Friday, October 03, 2008

Cubs Going Down in Flames ... and Other 2008 Baseball Playoff Observations

I can now confirm what I subsconsciously knew when I wrote my "useless" predictions about the baseball playoffs only a short few days ago: most prognostications are just a random chance guess. An entry headline where "Cubs Going Down in Flames" doesn't begin to tell someone how painful it has been to watch the NL's best regular-season team failing to deliver by any measure so far in the postseason.

One may want to blame all of this on a "curse", but the manner in which the Chicago north side team played on Wednesday and Thursday can most certainly be called "ugly". There is no doubt about that. Their pitching has been poor (7+ runs in each game), they haven't shown any offensive muscle (2 and 3 runs, respectively), and the defense has been uncharacteristically bad (1 error in Game 1 followed by 4! in Game 2). When starter Carlos Zambrano, the "ace" of the staff", gives up seven runs but only three are earned thanks to two miscues in one half inning alone, you know the team is self-destructing. Realistically, the Cubs have dug themselves into a hole from which recovery is not probable. Possible, yes, but not likely. The next game will feature the Cubs' "next best" starter in Rich Harden, who gives them some hope, but then a Game 4, if there is one, would likely feature the Dodgers' Derek Lowe, who shut them down in Game 1. Of course, both games are being playing on the road, away from the "Friendly Confines" and in Chavez Ravine (i.e. Dodger Stadium). The sweep that I projected was not supposed to happen like this ... are the Dodgers really this good? Dodgers lead 2-0. Game 3 in LA on Saturday.

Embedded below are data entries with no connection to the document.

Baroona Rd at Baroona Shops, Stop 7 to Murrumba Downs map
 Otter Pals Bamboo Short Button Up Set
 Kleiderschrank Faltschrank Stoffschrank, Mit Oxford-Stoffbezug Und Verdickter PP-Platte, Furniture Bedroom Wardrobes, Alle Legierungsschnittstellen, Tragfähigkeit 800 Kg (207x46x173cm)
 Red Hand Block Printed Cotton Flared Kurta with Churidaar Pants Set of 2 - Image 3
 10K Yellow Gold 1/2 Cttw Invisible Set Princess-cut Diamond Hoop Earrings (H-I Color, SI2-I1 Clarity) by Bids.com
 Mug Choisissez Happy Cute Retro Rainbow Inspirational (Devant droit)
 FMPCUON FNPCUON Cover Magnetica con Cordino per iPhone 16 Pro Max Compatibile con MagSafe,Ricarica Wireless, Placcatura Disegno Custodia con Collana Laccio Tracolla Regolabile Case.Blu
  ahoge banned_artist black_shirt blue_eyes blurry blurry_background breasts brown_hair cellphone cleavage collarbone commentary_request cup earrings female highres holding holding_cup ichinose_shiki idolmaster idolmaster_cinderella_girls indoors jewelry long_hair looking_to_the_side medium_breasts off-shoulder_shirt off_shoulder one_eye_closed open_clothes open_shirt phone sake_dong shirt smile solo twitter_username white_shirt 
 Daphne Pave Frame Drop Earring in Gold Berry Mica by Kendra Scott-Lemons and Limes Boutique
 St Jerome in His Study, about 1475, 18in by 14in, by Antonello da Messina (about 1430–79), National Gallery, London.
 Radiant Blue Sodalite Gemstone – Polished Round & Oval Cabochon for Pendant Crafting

Around the rest of playoff action ...

How about those Rays? Evan Longoria, rookie extraordinaire, provided much of the offense (and possibly en route to a series MVP) with two homers and three RBI. The Rays bullpen, not suprisingly, was stellar in Grant Balfour and J.P. Howell, both notching two K in their appearances. Dan Wheeler made one mistake (homer to Paul Konerko) but was otherwise in control in recording the save. The White Sox offensively could have kept pace but stranded 11 runners on base. The top of the seventh inning was really the critical moment, as starter James Shields walked Alexi Ramirez and then hit A.J. Pierzynski with a pitch to load the bases (after Konerko had reached base earlier with a single). Balfour came in and struck out the only two batters he faced - Juan Uribe and Orlando Cabrera - to escape unscathed and preserve the lead. Keep an eye on Tampa the rest of the way. Rays lead 1-0. Game 2 Friday in Tampa.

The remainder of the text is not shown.